Large vs small law firms

Law firms are often busy environments with ongoing workloads from a variety of individual and business clients. Attorneys who defend or prosecute spend time in court as well as in a law office. Lawyers offer legal advice and meet with clients in person or communicate via telephone or email.

Law firms typically involve more formality of dress, language and documentation due to the nature of legal representation. Firms may employ as few as five people or over have as many as 100 employees, including legal and administrative assistants. Although law professionals spend time sitting at their desks, they often travel to appear before a judge in court or to visit branch offices of their firm.

Large vs. small law firms

The size of a law firm can affect many factors of your job as a lawyer. Here are some of the key differences between working in a large law firm as opposed to a small firm:

Salary and benefits

Large law firms typically offer higher salaries than smaller firms. They often do this to attract highly skilled potential job candidates. They may also have more financial resources, allowing large firms to offer bigger benefit packages including healthcare, vision, dental and life insurance.

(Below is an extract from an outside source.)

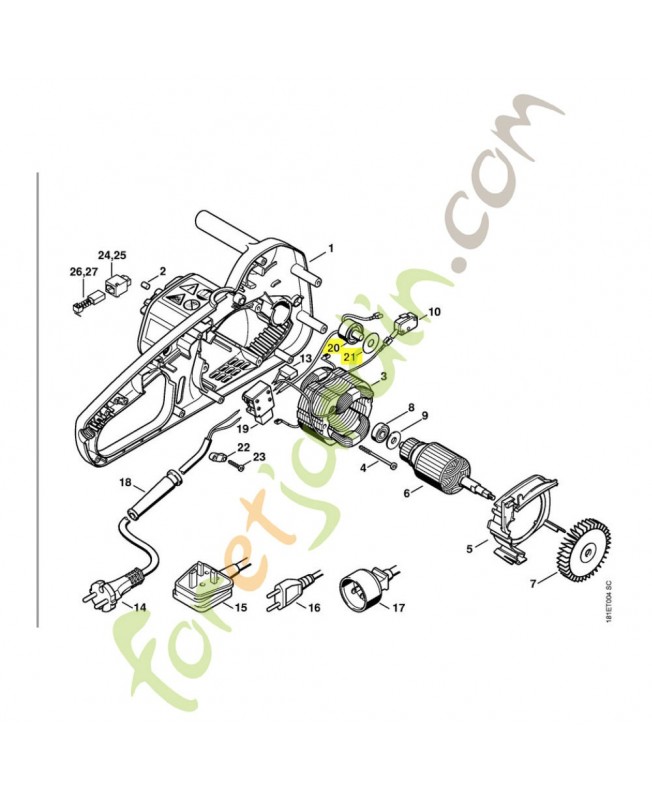 Disjoncteur surcharge 230 v 1208-430-1515. Pièce de rechange Sithl / Vicking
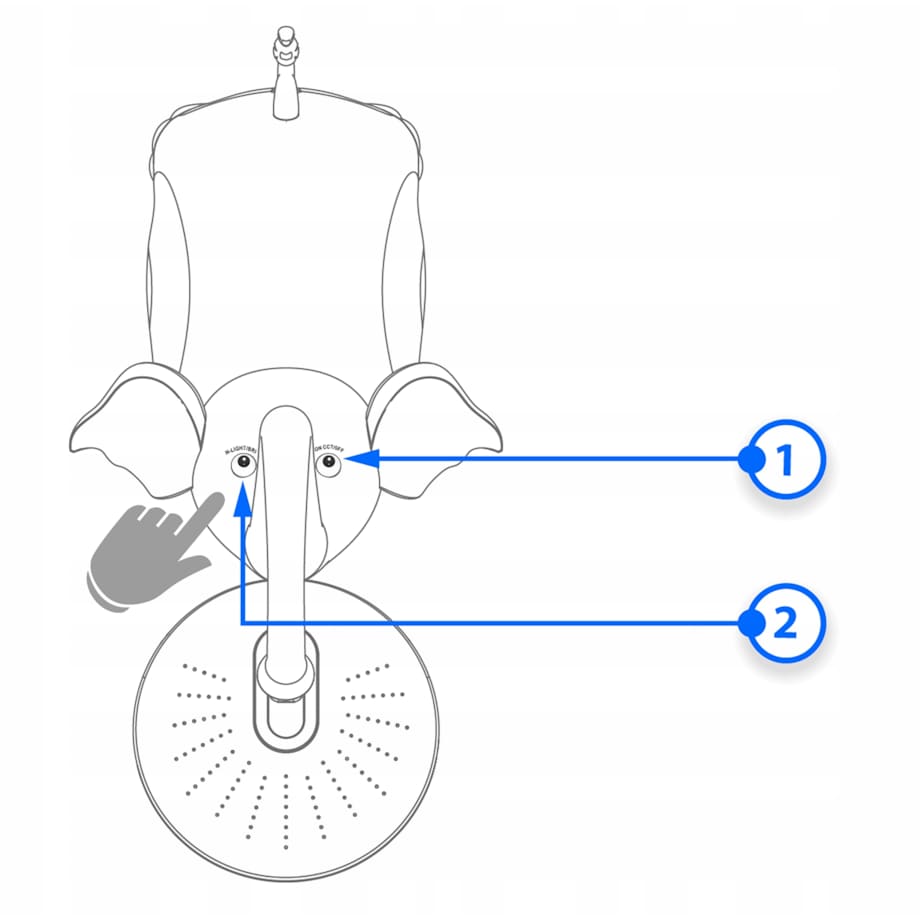 Lampka biurkowa dla dzieci SŁOŃ biały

While small firms may not always provide salaries as high as large firms, they can offer a faster path to earning a promotion or partnership. Smaller firms often allow lawyers to work more flexible hours than their counterparts at larger firms.

Cases and clients

A larger law firm can manage more clients at one time, leading to an increased amount of cases assigned to lawyers within the firm. Lawyers working in a large firm typically work for a specific area of law within the firm, taking on cases that fit their department or role.

Small firms often assign lawyers on a case-by-case basis. Those who work as generalists in small firms can gain experience in a variety of cases as they represent different types of clients and claims.

Culture and climate

Large firms typically operate in elegant office settings with large accommodations and perks like in-house mail centers or research libraries. Bigger firms usually hire large amounts of support staff members like paralegals, administrative assistants and document clerks. Because of a high number of employees and departments, large firm environments typically follow a traditional corporate management structure with low-level employees reporting to mid-level management rather than connecting to managing partners or executive leaders.

The work environment for a smaller firm may be more relaxed with junior-level partners playing a larger role in company decisions. Due to a smaller amount of support staff, lawyers may handle more administrative tasks. They may also spend more time working personally with clients without the help of support staff members.


Larger firms typically provide a strategic training process for newly hired lawyers, offering mentorship opportunities that connect more experienced lawyers to those just starting out in the field. Extensive programs with ongoing learning opportunities may be offered to staff throughout their time at the firm.

Small firms may provide more personalized training depending on the experience level of the new hire. With fewer employees handling caseloads, entry-level lawyers in small firms can learn on the job as they handle more aspects of a case.